Since 2003 when the club last won the premiership, going a full season without a single loss, Arsenal have not seriously come near to winning the league.
The Gunners’ fan base these past years have been divided between ‘Wenger out’ or ‘Wenger Out Brigade’ and ‘Wenger knows best’ camps. Last season things came to a head as the division within the support base of the club reached a point of plane flying around stadiums both declaring support and unhappiness with the manager and frequent riots at the Emirates stadium home of the team. In the end, the culmination of the division was a distracted team that ended up finishing below the top four places which guarantees Champions League football for the first time under Wenger’s 20-year reign in the club.
But the glory of the FA Cup came as a face saver for Wenger as his boys put in a united and gritty performance to down Chelsea 2-1 in the final of the Cup in May.
Wenger’s contract situation has been cited as a big reason Arsenal failed last season as the uncertainty over whether he would renew his commitment to the club lingered. After the FA Cup final, an opportunity offered itself for Arsene and Arsenal to part ways in a dignified manner.
Wenger would have been leaving on a high as the most successful manager in Arsenal's history and the manager famed for reshaping the technical, tactical and managerial directions of English football for the better.
While all these successes of Wenger can never be erased, what is threatened now is a dignified exit for the old man. The shambolic start to the current season that has seen Arsenal concede 8 goals in three games and losing 2 of their first three matches without putting up a real fight means Wenger and Arsenal may well be in for a repeat ride of last season's unrest.
Now, it is becoming increasingly clear that Wenger just can’t rouse his players for a consistent good run in the premier league that makes winning the title a possibility. Whether it is because of a lack of tactical ability, or players’ unwillingness to play for him, or perhaps something else within the club that makes optimal performance impossible, the manager who the bulk falls on his table to deliver success on the major front of the premier league seems to the incapable of that task.

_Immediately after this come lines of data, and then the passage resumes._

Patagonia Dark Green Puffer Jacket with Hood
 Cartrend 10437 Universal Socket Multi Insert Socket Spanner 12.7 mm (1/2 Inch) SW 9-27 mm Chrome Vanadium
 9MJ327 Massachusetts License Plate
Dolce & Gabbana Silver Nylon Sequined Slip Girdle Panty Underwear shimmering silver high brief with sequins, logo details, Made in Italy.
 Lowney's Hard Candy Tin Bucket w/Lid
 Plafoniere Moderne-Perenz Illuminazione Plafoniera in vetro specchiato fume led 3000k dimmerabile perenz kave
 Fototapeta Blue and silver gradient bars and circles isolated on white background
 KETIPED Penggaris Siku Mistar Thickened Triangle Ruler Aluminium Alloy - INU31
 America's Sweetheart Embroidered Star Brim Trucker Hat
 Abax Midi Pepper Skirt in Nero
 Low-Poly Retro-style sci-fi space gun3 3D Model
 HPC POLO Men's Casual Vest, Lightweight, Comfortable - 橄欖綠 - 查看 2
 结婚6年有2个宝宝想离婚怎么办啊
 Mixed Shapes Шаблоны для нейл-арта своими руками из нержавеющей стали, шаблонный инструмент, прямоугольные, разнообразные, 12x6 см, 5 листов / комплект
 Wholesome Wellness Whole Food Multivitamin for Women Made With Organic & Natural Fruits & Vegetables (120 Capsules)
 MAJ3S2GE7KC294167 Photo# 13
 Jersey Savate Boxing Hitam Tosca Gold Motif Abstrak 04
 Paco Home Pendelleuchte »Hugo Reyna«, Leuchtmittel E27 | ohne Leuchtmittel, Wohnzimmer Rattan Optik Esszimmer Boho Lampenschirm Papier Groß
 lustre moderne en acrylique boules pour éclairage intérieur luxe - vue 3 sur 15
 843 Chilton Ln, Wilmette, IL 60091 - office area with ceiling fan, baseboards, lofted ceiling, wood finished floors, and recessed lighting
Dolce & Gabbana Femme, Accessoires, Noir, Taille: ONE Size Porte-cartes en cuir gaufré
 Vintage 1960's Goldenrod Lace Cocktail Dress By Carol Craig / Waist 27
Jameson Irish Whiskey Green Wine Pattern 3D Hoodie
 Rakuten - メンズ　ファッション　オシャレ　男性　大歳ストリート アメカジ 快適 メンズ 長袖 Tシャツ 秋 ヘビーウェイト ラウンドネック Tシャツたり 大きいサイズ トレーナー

Arsenal board must be caught now in a tight situation. Stick with Wenger for two years and allow the staleness to continue because of an understandable lack of appetite to dismiss a manager that has so meritoriously serves for decades or show some unemotional brutality in letting the axe fall on the Frenchman and bring in a new manager now who could offer some much needed fresh ideas for the gunners?
The solution could be now to try to persuade Arsene to move upstairs to the board level in some capacity to allow for a new manager. The Arsenal board could be showing some class in reaching some kind of a mutual agreement which saves Wenger the embarrassment of being sacked and, at the same time, taking an important step in making sure that the club gets the very important fresh air that a new manager could bring into the club.
Should Wenger refuse to be persuaded to mutually take a bow from managing the team and poor results continue to be recorded before December, then the club could be left with no choice but to let the faith that befall all other managers who fail to steer the ship to a promising direction to be Wenger’s lot.
It is still early enough to save Arsenal’s season from total collapse. A good new manager would have time to steady the ship the way a Guus Hiddink usually does for Chelsea when they find themselves in need of a new managerial direction.